Harold Tanner
HAROLD TANNER (BS ILR '52 Cornell; MBA '56 Harvard) is president of Tanner & Co., Inc., a private investment banking firm founded in New York in 1987. He was formerly a managing director of Salomon Brothers Inc., where he had responsibility for the Corporate Finance Department, and has spent his entire career in the investment banking business.
Mr. Tanner has served as a trustee of Cornell University since 1982 and has been on the Executive Committee since 1986. He was chairman of the Board of Trustees from July 1, 1997, to June 30, 2002, after having served as vice chairman from 1992 to 1997. One of Cornell's most involved fundraisers, he served as co-chair of the Cornell Campaign and as chairman of the board's Alumni Affairs and Development Committee. He served as vice chair of the Presidential Search Committee that selected Hunter Rawlings to be the 10th president of Cornell, and has been a longtime member of the board's Investment Committee, including serving as vice chair at one time. He was appointed to the Board of Overseers of the Weill Cornell University Medical College in 1996 and as a life overseer in 2002. Additionally, he was formerly a member of the Advisory Councils of the College of Arts and Sciences and the Johnson Museum of Art and a chair of the Tower Club and Quadrangle Society.

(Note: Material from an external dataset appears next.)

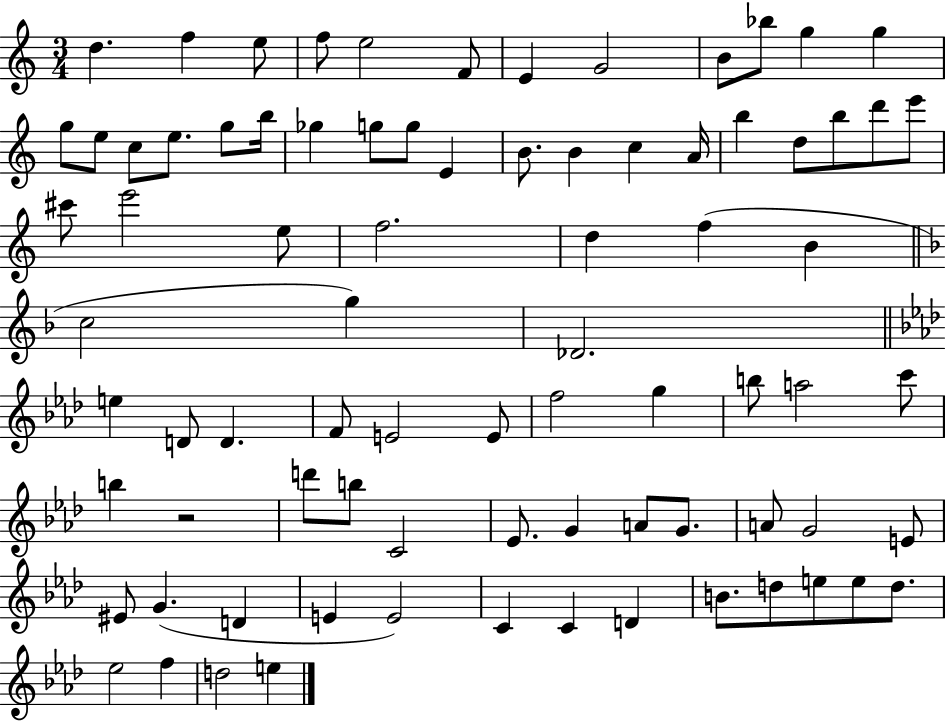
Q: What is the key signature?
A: C major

As part of the Cornell Campaign, he and his wife, Nicki (Wellesley '57), endowed the Harold Tanner Deanship of Arts and Sciences. The Tanners had previously established the Pauline and Irving Tanner Scholarship Fund in the College of Arts and Sciences in honor of his parents. Mr. and Mrs. Tanner have been recognized by the Board of Trustees as Foremost Benefactors of Cornell.
In addition to his Cornell activities, Mr. Tanner is president of the Board of Trustees of the American Jewish Committee; a trustee of the Revson Foundation; a trustee of Classroom, Inc.; a member of the Council of Foreign Relations; and a former trustee of the Russell Sage Foundation. He was on the board of the Associates of Harvard Business School and is a founder of the Volunteer Consulting Group, Inc. He was honored with the Harvard Business School Alumni Achievement Award in 1992 and the Herbert Lehman Award of the American Jewish Committee in 1995.